- **Task prompt**: What is needed is an exact reproduction of the lines in the records below, starting at the line with "Photo of property" and ending at the line with "8603 Westhope St, Charlotte, NC", both included, and nothing else; pictures stay out.

- **Data under study**:
▼

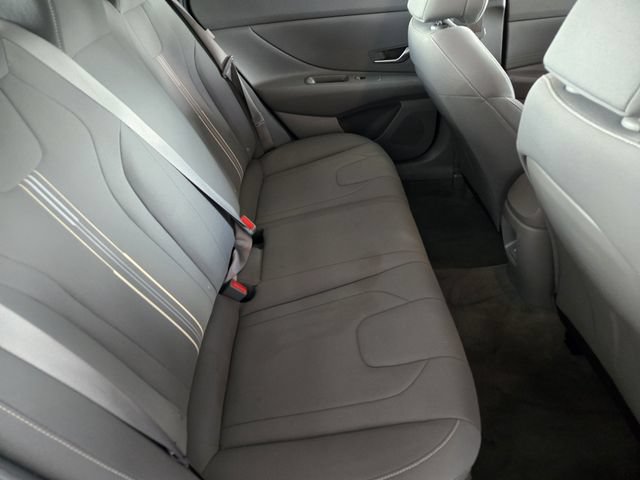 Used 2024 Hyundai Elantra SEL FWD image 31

▲
▼

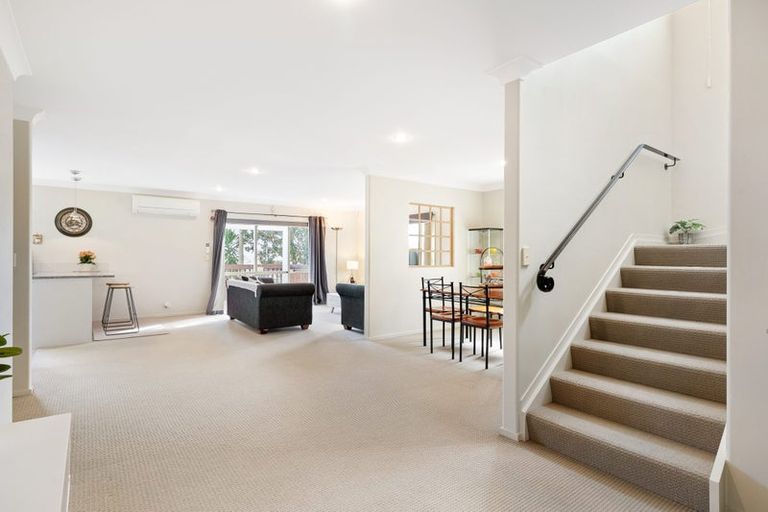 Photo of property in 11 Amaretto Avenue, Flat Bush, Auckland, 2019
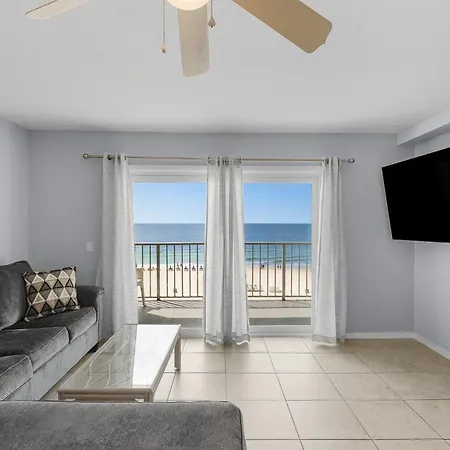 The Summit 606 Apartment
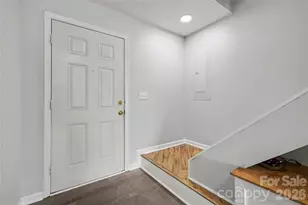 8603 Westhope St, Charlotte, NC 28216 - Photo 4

▲

- **Result for this exercise**:
 Photo of property in 11 Amaretto Avenue, Flat Bush, Auckland, 2019
 The Summit 606 Apartment
 8603 Westhope St, Charlotte, NC 28216 - Photo 4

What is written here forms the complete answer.